The Art you have borrowed is a first rate lens. You might have borrowed a lemon, but there is also as much chance of that, if not more with the new 20mm Samyang. Personally if you are in the market for a £600 wide angle then the Art is a good choice and I would ask to borrow another if this one is suspect. I certainly would not just buy a Samyang. I would want to test it first. Although more expensive I would also keep my eyes open for a used Zeiss 21mm Distagon. This is F2.8 but will exhibit a level of consistency that is difficult to beat. A daylight image taken with a Zeiss lens is 'just right'. I had a set a few years back and sold them all when times were tough. I really wish I hadn't. A used 21mm will cost £7-800.

Failing that I would also consider a used Nikkor 20mm AI or G lens. They can be a bargain. Remember that for all the hype surrounding digital sensors, sharpness, blah, blah. B&W film has much more dynamic range than digital and the sharpest types would be the equivalent of a 500MP (that is 500 not 50) full frame sensor. A lot of old lenses had to be built to work with this level of quality. Ironically manufacturers are now having to get back up to this quality level and it costs.

So sorry for the long post, but I would try the lens again at F4 and personally would limit the exposure to about 20s (500 rule suggests 25). I would also aim at the zenith for a pure test.

 
Posted : 19/02/2017 2:20 pm
Christina Chester
(@christinachester)
Posts: 215
Estimable Member
 

Thanks very much for the detailed reply, Rupert. Your advice (and expertise) is immensely helpful.

 

Perhaps this Sigma lens is a lemon… The reviews I’ve read regarding Samyang suggest that the 24mm f/1.4 lens is a bit touch-and-go in this regard too. It would seem that many people have returned up to four lenses before finding one that’s not defected in some way. I believe that the same is the case for the 14mm f/2.8 within the Samyang range too.

 

I suppose I may have become sceptical about the performance of the Sigma lens due to the amount of negative reviews I’ve read regarding coma. It’s difficult to determine whether these are indeed BS or genuine. Review sites such as this one, often tend to link to products where they can be purchased so it’s hard to tell if there is an ulterior motive to the reviews or whether they are genuinely unbiased.

 

I did indeed use my D750. The exposure was 10s at f/2. Remembering your advice from before, I stopped it down in a bid to reduce aberrations.

 

My kit lens is a 24-120mm f/4 which I thought was quite slow for Milky Way landscape photos. I took this lens to a dark site in France last summer and found that I was struggling to pull out detail. Here is the result of one of my test shots there (which was pointing to the zenith - by coincidence):  https://twitter.com/XtinaChester/status/832936511507152896

 

This is my first attempt to process a Milky Way photography so please be mindful that it’s probably not amazing. It’s a 6-frame stack using a free version of Nebulosity so there are lines running through it too. I wanted a lens at f/1.4 so that I could stop it down to ~f/2 (f/3 max) to draw out more Milky Way structure. All my photos from this trip are lacking detail and I experimented with an array of ISO's each time to see what would work. I'm reluctant to stop down to f/4 as I suspect that I'll be back in this same predicament.

 
Posted : 19/02/2017 3:59 pm
Astrograph
(@astrograph)
Posts: 129
Estimable Member
 

Hi Christina

OK well if it was just 10s then the other artifacts I saw were not tracking.

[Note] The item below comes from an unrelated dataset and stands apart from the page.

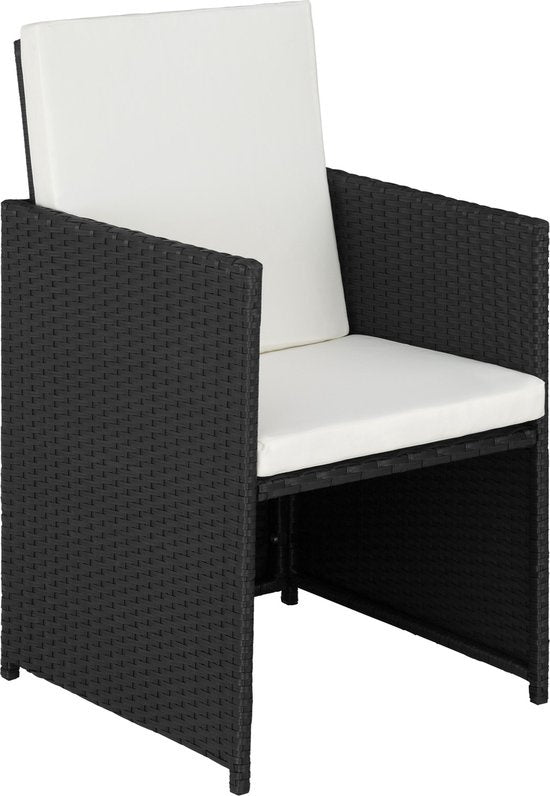 tectake - Geflechtsitzgruppe für 2 Personen, platzsparende Outdoor-Möbel, 2 Sessel und 1 Tisch, ideales Balkon-Lounge-Set, Gartenmöbel, Terrassenmöbel wetterfest - schwarz - Poly-Rattan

10s is too little exposure and ISO 8000 too much gain (all digital camera do is increase amplifier gain from a default. This just adds noise). Nikon cameras are better than Canons in this regard but I don't go above 1250 with a DSLR. The 500 rule is something which works well if you are a bit conservative with timings. So 500/focal length = exposure time with a full frame sensor. Therefore 500/20 = 25seconds, which is why I said go for 20 secs.

Returns for the Samyang are no surprise. No different to cheap, badged Chinese telescopes. The odd one can be brilliant but on the whole, far from it. Not that £400 is cheap for a lens but for something exotic (24mm F1.4 is) then if you pay Peanuts, you get Monkeys. BTW, if you want a wide angle then the one lens you should save up for is not really the ones I mentioned, its the Nikon 14-24mm F2.8. This is used by a lot of Astro Photographers with Canon, Nikon and CCD alike. A grand used but worth every penny as its a sought after pro lens that is like a bag full of primes. I'm saving up for one.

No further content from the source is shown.